Read and Write Tables From Hive with Python Using Ibis

  1. Install the following packages:

    import ibis
    import pandas as pd
    import os
  2. Connect to Hive by running the following lines of code:

    # To connect to Hive by providing the IP and port of the Hive host
    # and a WebHDFS client
    
    hdfs = ibis.impala.hdfs_connect(host=os.environ['IP_HDFS'], port=50070)
    client_hive = ibis.impala.connect(host=os.environ['IP_HIVE'], port=10000, \
      hdfs_client=hdfs, user=os.environ['USER'], password=os.environ['PASSWORD'], \
      auth_mechanism='PLAIN')
    • Providing an HDFS connection is optional and is only required to write data to Hive.

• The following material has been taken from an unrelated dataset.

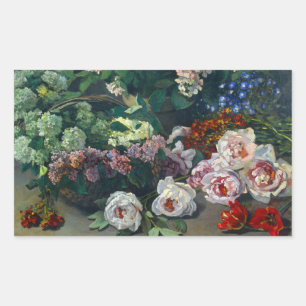 Monet Spring Flowers Rectangular Sticker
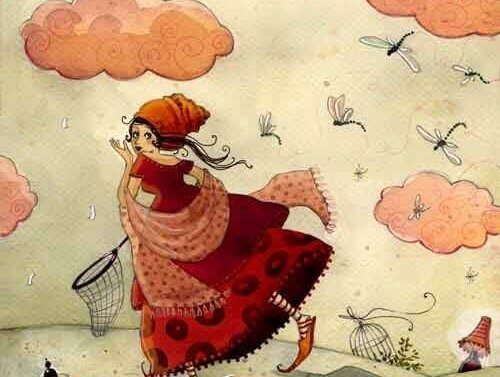 Woman catching dragonflies.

    • The default port is 10000.

  3. You can now write and query Hive tables by running the following lines of code:

    • Write Tables in Hive

    • Query Tables From Hive

    # To create a simple pandas DataFrame with two columns.
    liste_hello = ['hello1','hello2']
    liste_world = ['world1','world2']
    df = pd.DataFrame(data = {'hello' : liste_hello, 'world': liste_world})
    
    # To write Dataframe to Hive if the table name does not exist.
    db = client_hive.database('default')
    if not client_hive.exists_table('default.helloworld'):
      db.create_table('helloworld', df)
    # ====== To Read Tables ====== #
    # To select data with a SQL query.
    # limit=None: To get the whole table, otherwise there will be only the 10000 first lines.
    requete = client_hive.sql('select * from helloworld')
    df = requete.execute(limit=None)

Read and Write Files From Hive With a Kerberized Cluster

Before connecting to HDFS with a kerberized cluster, you must get a valid ticket by running a kinit command.

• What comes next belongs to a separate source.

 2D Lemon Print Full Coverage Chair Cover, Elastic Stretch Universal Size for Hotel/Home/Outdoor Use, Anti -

  1. To get a valid ticket with a kinit command, you can either:

    • Run the following bash command in a terminal in Jupyter, which will prompt you for your password:

      kinit myusername
    • Run the following bash command in your Python job on Saagie, directly in the command line:

      echo $MY_USER_PASSWORD | kinit myusername
      python {file} arg1 arg2
    • Add the following lines of code directly into your Python code:

      import os
      import subprocess
      
      password = subprocess.Popen(('echo', os.environ['MY_USER_PASSWORD']), stdout=subprocess.PIPE)
      subprocess.call(('kinit', os.environ['MY_USER_LOGIN']), stdin=password.stdout)
  2. Connect to your kerberized cluster with HDFS by running the following lines of code:

    hdfs = ibis.hdfs_connect(host=os.environ['HIVE_HOSTNAME'], port=50470, use_https=True, verify=False, auth_mechanism='GSSAPI')
    client_hive = ibis.impala.connect(host=os.environ['HIVE_HOSTNAME'], port=10000, hdfs_client=hdfs, auth_mechanism="GSSAPI", use_ssl=False, kerberos_service_name="hive")
  3. You can now write and query Hive tables.